Titanium piping ​has become more popular as more of its favorable attributes are being discovered

Titanium piping has become more popular as more of its favorable attributes are being discovered. Titanium is stronger than aluminum and steel. It is also lighter than steel. It is extremely resistant to corrosion, has a long-use life and low maintenance and operation costs.

If you’ve made the investment of purchasing titanium for you piping project, there are some things to know before you begin to work on it. After all, you don’t want to ruin the titanium that you just spent money on buying. You also want strong pipes that will last many years. Why compromise the effectiveness, strength and durability of your titanium pipes by incorrect welding techniques?

When heated, titanium becomes highly reactive and readily combines with oxygen, nitrogen, hydrogen and carbon to form oxides.

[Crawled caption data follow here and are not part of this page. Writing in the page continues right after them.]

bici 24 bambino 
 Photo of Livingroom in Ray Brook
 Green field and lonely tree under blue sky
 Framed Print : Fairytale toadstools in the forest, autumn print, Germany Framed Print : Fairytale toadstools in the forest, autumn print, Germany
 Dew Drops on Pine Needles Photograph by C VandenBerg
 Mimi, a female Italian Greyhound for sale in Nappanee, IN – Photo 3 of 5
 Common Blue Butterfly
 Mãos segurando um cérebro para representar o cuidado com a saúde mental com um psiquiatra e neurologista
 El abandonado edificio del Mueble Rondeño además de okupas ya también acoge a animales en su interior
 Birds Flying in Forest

Oxidized wields can result in a useless part that needs to be scrapped. To reduce the risk of oxidation, the heated area of the piping needs to be shielded from air until the temperature drops below 800 degrees.

Also, check the purity of the gas. Argon gas is the most commonly used gas with titanium should be no less than 99.995 percent pure and with no more than 5 to 20 parts per millimeter free oxygen. It also must have a dew point greater than -50 to -75 degrees.

A post-flow shielding gas timer is also great to have. Its output should be at least 250 amps.